▶ TASK BRIEF
From the data that follows, print exactly the lines starting at the one containing "Albufeira: Jet Ski" and ending at the one containing "Camiseta Zara Hombre Beige y Blanca"; include both of them and nothing more.

START RECORDED INFORMATION

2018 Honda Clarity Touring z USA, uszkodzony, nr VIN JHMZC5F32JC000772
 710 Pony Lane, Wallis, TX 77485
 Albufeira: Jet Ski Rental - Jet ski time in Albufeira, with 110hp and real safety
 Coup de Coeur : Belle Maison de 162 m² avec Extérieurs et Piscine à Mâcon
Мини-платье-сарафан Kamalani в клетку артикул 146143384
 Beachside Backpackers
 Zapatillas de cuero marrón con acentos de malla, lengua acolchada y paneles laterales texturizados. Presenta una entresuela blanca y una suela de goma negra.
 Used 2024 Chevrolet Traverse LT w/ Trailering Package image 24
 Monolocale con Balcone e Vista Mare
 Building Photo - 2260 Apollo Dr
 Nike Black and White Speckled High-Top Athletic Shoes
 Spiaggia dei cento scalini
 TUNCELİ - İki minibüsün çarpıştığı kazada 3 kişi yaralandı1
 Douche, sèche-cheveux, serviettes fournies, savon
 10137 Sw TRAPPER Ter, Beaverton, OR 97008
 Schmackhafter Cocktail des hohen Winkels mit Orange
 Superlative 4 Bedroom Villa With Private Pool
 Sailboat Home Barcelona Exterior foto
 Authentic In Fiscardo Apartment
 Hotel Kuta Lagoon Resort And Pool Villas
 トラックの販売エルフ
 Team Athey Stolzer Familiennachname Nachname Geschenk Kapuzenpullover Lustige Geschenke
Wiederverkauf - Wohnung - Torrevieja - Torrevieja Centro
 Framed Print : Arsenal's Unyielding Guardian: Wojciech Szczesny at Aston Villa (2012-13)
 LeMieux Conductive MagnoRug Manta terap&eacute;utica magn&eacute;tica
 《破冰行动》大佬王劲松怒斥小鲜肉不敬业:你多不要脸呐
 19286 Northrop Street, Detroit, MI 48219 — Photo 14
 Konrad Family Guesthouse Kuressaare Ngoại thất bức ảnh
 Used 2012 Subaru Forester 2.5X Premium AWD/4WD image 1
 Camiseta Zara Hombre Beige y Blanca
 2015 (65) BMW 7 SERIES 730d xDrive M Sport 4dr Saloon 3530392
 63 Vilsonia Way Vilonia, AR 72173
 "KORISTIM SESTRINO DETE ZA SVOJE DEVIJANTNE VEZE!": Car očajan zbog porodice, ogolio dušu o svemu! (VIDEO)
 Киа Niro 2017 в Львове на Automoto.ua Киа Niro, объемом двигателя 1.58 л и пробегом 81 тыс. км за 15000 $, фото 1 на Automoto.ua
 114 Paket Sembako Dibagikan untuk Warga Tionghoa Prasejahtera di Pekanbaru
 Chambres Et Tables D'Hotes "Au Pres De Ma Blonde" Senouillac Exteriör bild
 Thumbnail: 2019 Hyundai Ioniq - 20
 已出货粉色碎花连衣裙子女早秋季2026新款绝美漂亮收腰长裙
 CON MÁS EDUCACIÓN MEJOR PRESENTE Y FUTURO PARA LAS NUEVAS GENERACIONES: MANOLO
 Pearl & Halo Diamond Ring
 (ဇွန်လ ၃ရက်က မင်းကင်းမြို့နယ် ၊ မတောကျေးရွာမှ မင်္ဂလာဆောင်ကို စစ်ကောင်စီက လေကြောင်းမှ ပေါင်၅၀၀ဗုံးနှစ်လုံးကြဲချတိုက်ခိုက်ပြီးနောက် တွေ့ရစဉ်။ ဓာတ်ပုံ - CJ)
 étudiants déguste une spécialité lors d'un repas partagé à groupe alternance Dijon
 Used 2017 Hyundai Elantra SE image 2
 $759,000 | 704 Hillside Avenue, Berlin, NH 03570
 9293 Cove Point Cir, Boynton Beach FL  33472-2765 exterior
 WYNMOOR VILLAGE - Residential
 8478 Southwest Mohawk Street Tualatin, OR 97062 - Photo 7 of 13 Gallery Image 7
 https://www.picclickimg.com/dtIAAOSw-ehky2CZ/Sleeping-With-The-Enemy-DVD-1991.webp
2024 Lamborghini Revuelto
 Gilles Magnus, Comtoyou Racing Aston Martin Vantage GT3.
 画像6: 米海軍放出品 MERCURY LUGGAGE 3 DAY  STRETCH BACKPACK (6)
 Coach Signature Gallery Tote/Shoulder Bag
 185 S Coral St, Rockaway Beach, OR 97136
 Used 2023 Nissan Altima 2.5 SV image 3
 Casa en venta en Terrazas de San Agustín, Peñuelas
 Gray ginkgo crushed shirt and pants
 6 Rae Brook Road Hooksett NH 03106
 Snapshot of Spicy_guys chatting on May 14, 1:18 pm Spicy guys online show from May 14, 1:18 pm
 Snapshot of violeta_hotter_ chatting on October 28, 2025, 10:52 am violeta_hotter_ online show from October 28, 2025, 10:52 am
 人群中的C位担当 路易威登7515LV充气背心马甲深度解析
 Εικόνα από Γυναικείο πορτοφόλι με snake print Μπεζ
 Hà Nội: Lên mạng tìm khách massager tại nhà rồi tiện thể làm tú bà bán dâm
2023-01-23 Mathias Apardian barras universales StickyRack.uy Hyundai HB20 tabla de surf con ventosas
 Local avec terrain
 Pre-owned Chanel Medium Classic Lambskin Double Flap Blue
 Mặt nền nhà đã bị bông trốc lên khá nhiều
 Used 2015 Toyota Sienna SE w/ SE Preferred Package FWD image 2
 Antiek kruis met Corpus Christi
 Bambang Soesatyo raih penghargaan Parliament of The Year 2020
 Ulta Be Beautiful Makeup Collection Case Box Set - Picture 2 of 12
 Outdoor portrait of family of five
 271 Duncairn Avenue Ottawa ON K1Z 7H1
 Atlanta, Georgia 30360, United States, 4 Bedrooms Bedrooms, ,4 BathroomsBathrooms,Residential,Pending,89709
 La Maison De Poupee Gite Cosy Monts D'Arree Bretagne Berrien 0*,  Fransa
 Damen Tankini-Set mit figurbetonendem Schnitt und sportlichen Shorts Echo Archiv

END RECORDED INFORMATION

▶ RESULT FOR THIS TASK
 Albufeira: Jet Ski Rental - Jet ski time in Albufeira, with 110hp and real safety
 Coup de Coeur : Belle Maison de 162 m² avec Extérieurs et Piscine à Mâcon
Мини-платье-сарафан Kamalani в клетку артикул 146143384
 Beachside Backpackers
 Zapatillas de cuero marrón con acentos de malla, lengua acolchada y paneles laterales texturizados. Presenta una entresuela blanca y una suela de goma negra.
 Used 2024 Chevrolet Traverse LT w/ Trailering Package image 24
 Monolocale con Balcone e Vista Mare
 Building Photo - 2260 Apollo Dr
 Nike Black and White Speckled High-Top Athletic Shoes
 Spiaggia dei cento scalini
 TUNCELİ - İki minibüsün çarpıştığı kazada 3 kişi yaralandı1
 Douche, sèche-cheveux, serviettes fournies, savon
 10137 Sw TRAPPER Ter, Beaverton, OR 97008
 Schmackhafter Cocktail des hohen Winkels mit Orange
 Superlative 4 Bedroom Villa With Private Pool
 Sailboat Home Barcelona Exterior foto
 Authentic In Fiscardo Apartment
 Hotel Kuta Lagoon Resort And Pool Villas
 トラックの販売エルフ
 Team Athey Stolzer Familiennachname Nachname Geschenk Kapuzenpullover Lustige Geschenke
Wiederverkauf - Wohnung - Torrevieja - Torrevieja Centro
 Framed Print : Arsenal's Unyielding Guardian: Wojciech Szczesny at Aston Villa (2012-13)
 LeMieux Conductive MagnoRug Manta terap&eacute;utica magn&eacute;tica
 《破冰行动》大佬王劲松怒斥小鲜肉不敬业:你多不要脸呐
 19286 Northrop Street, Detroit, MI 48219 — Photo 14
 Konrad Family Guesthouse Kuressaare Ngoại thất bức ảnh
 Used 2012 Subaru Forester 2.5X Premium AWD/4WD image 1
 Camiseta Zara Hombre Beige y Blanca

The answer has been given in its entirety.